- What the task asks
Word for word, restate the lines from the one containing "MITSUBISHI L200 2017 completo" through the last line of the material, and include no pictures.

- Available data
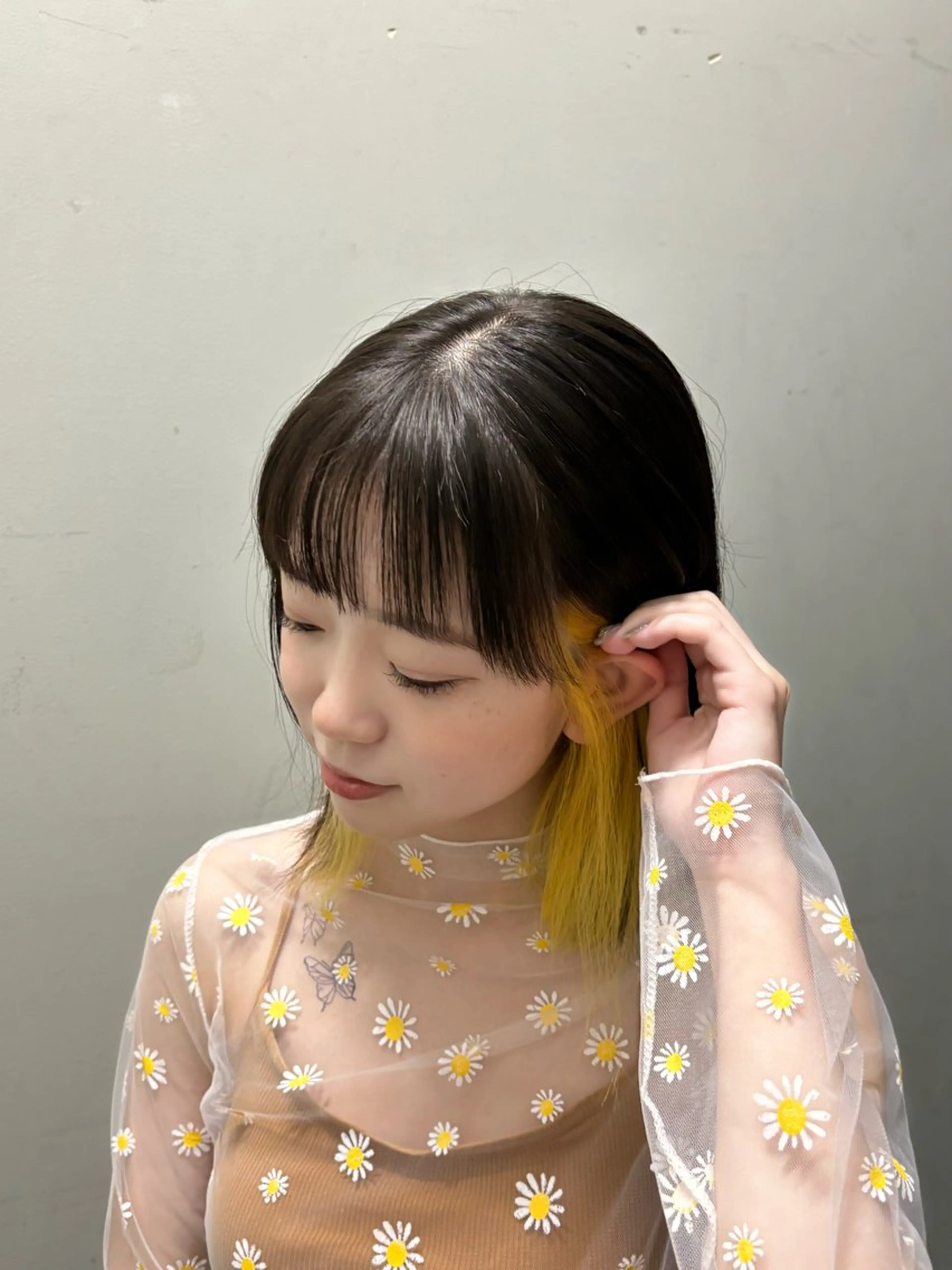 ミディアム カラー モリ アヤノのヘアスタイル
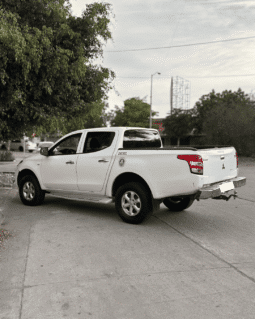 MITSUBISHI L200 2017 completo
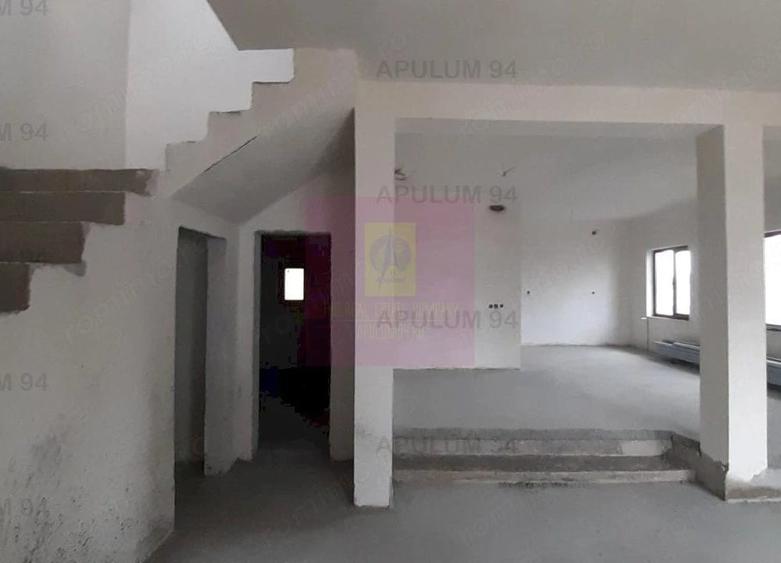 Casă cu Teren 433 Mp în 1 Decembrie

- Solution
 MITSUBISHI L200 2017 completo
 Casă cu Teren 433 Mp în 1 Decembrie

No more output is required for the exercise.